|Enemy of the State (1998)
Starring: Will Smith, Gene Hackman, Barry Pepper, Jon Voight, Regina King, Ian Hart, Lisa Bonet, Jake Busey, Jamie Kennedy, Jason Lee, Gabriel Byrne, Jack Black
Director: Tony Scott
When “Enemy of the State” first hit theaters in 1998, it was a mainstream techno-thriller that basically combined the Big Brother concept with the reminder that you’re not paranoid if they really are out to get you. But, of course, while half the audience said, “Dammit, I knew the government was watching us,” the rest of the crowd just ate their popcorn and went, “Cool movie,” without thinking much about how real or unreal the events of the flick might’ve been.
One Patriot Act later, however, and, suddenly, “Enemy of the State” doesn’t seem nearly as fictional.
Will Smith plays attorney Robert Clayton Dean, who accidentally gets caught up in a political cover-up when a college friend (Jason Lee) passes him a computer diskette that contains video footage of a congressman (played by an uncredited Jason Robards) being murdered at the hands of a member of the National Security Agency (Jon Voight). Dean doesn’t even realize he has the diskette until Voight’s character goes all out to destroy Dean’s life in order to get the evidence from him.

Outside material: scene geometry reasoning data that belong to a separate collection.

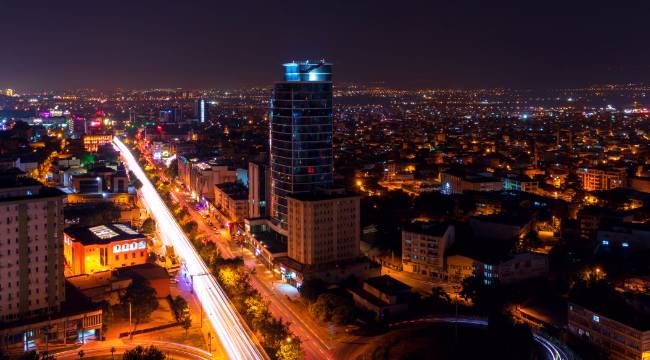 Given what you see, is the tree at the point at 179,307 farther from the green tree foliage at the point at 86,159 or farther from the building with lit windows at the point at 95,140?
the building with lit windows at the point at 95,140

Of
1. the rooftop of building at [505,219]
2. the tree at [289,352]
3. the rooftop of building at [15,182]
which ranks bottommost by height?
the tree at [289,352]

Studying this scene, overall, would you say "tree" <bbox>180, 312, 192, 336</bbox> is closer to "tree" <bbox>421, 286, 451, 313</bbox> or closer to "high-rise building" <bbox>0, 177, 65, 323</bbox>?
"high-rise building" <bbox>0, 177, 65, 323</bbox>

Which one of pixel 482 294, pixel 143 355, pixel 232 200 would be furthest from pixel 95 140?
pixel 143 355

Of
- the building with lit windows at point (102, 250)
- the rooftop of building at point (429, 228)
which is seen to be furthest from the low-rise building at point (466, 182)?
the building with lit windows at point (102, 250)

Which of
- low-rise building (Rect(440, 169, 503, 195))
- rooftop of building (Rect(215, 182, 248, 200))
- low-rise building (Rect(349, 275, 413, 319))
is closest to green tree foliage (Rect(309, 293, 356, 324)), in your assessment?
low-rise building (Rect(349, 275, 413, 319))

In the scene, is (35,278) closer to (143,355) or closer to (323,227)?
(143,355)

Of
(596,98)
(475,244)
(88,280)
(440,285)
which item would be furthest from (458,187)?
(596,98) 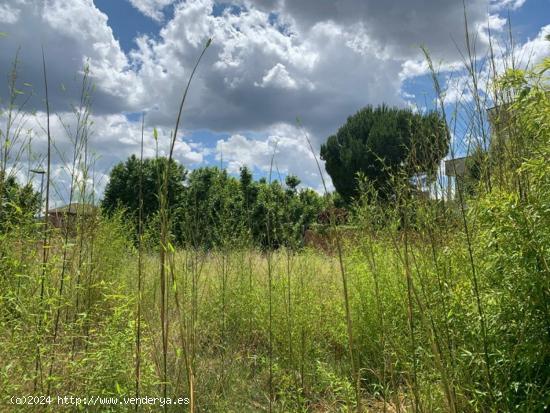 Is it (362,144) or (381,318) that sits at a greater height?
(362,144)

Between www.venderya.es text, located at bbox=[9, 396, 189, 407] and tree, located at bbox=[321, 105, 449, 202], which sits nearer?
www.venderya.es text, located at bbox=[9, 396, 189, 407]

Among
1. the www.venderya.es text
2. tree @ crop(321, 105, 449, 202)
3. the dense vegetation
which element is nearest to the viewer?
the dense vegetation

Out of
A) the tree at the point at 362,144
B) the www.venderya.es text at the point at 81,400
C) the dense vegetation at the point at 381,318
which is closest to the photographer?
the dense vegetation at the point at 381,318

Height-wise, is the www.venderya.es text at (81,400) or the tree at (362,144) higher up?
the tree at (362,144)

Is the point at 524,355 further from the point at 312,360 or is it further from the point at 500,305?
the point at 312,360


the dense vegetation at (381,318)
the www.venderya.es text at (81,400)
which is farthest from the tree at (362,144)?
the www.venderya.es text at (81,400)

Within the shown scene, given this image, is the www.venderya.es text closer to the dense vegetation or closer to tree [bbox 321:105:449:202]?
the dense vegetation

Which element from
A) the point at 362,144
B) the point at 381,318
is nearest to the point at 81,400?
the point at 381,318

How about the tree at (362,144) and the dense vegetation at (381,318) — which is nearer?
the dense vegetation at (381,318)

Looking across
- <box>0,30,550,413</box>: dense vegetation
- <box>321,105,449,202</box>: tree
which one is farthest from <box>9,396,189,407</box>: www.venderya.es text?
<box>321,105,449,202</box>: tree

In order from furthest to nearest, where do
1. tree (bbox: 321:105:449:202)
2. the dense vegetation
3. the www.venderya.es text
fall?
tree (bbox: 321:105:449:202)
the www.venderya.es text
the dense vegetation

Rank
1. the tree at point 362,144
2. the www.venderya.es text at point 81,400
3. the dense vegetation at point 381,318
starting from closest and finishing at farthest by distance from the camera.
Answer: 1. the dense vegetation at point 381,318
2. the www.venderya.es text at point 81,400
3. the tree at point 362,144

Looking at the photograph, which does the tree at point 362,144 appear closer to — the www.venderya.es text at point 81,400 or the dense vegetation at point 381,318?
the dense vegetation at point 381,318

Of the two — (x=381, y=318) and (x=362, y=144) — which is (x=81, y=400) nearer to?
(x=381, y=318) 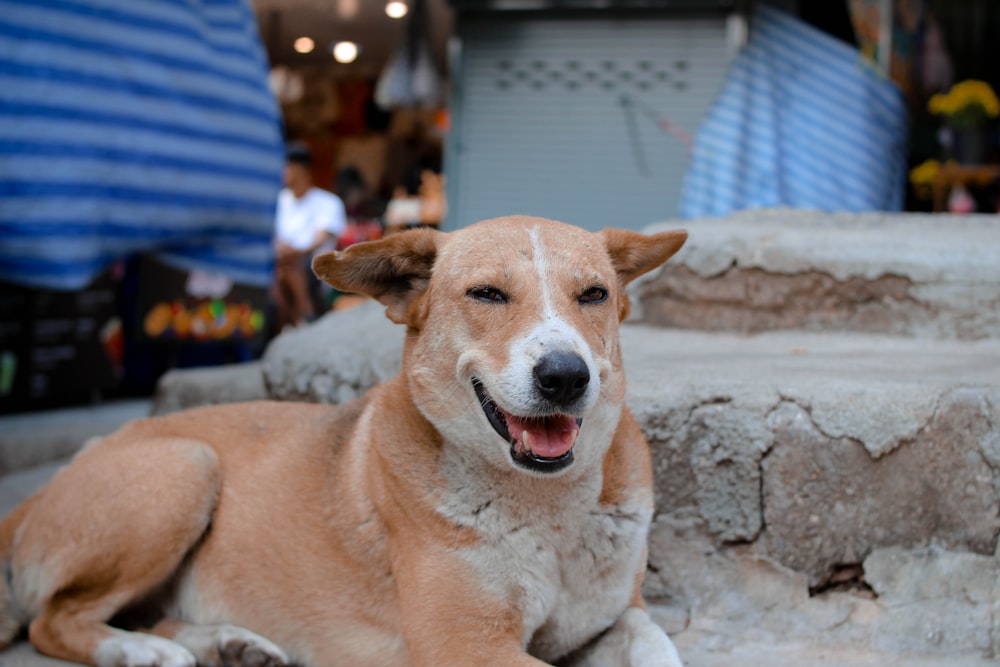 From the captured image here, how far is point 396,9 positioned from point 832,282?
7724 millimetres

In the process, Dean meets up with a former member of the Agency (Gene Hackman), who, frankly, doesn’t want anything to do with him…but he’s caught in Dean’s wake, and the two reluctantly team up in an attempt to get their lives back.
Like most Tony Scott action extravaganzas, “Enemy of the State” works best when you turn off your mind and just let the on-screen antics wash over you. Will Smith has enough charisma to carry most films by himself, but he’s really in his element in a slam-bang action flick like this. Hackman is in his well-honed grumpy old man mode, but he’s in familiar territory with this particular character; there’s an in-joke for film fans when they show his Agency ID photo from the early ‘70s and use a shot from his role in “The Conversation,” where he also played a surveillance expert. It’s also cool to see Jamie Kennedy and Jack Black in early roles, as well as Lee in his pre-“Earl” days.
What’ll really freak you out about this film, though, is that as you think about how the government is trying to hunt down terrorists using even more intricate technology than what you’re seeing in the film, they show Voight’s character’s Agency profile…and his birth date is 9/11. That’s just creepy, man.
Actually, all things considered, it’s really not all that special an edition. There are two featurettes – a half-hour “making-of” documentary that’s pretty interesting, and an “All Access” segment on the filming of showdown at the end of the movie – but, beyond that, all you’ve got is the theatrical trailer and a whopping two deleted scenes…which is odd, given that the overseas version of the DVD includes four deleted scenes. Also, it’s strange that this is being billed in advertisements as being an extended edition…but the DVD box itself says no such thing. So have the other two deleted scenes been incorporated into the film? It doesn’t appear so, since according to Amazon, the running time of the film is actually a minute shorter than on the previous DVD release. Weird.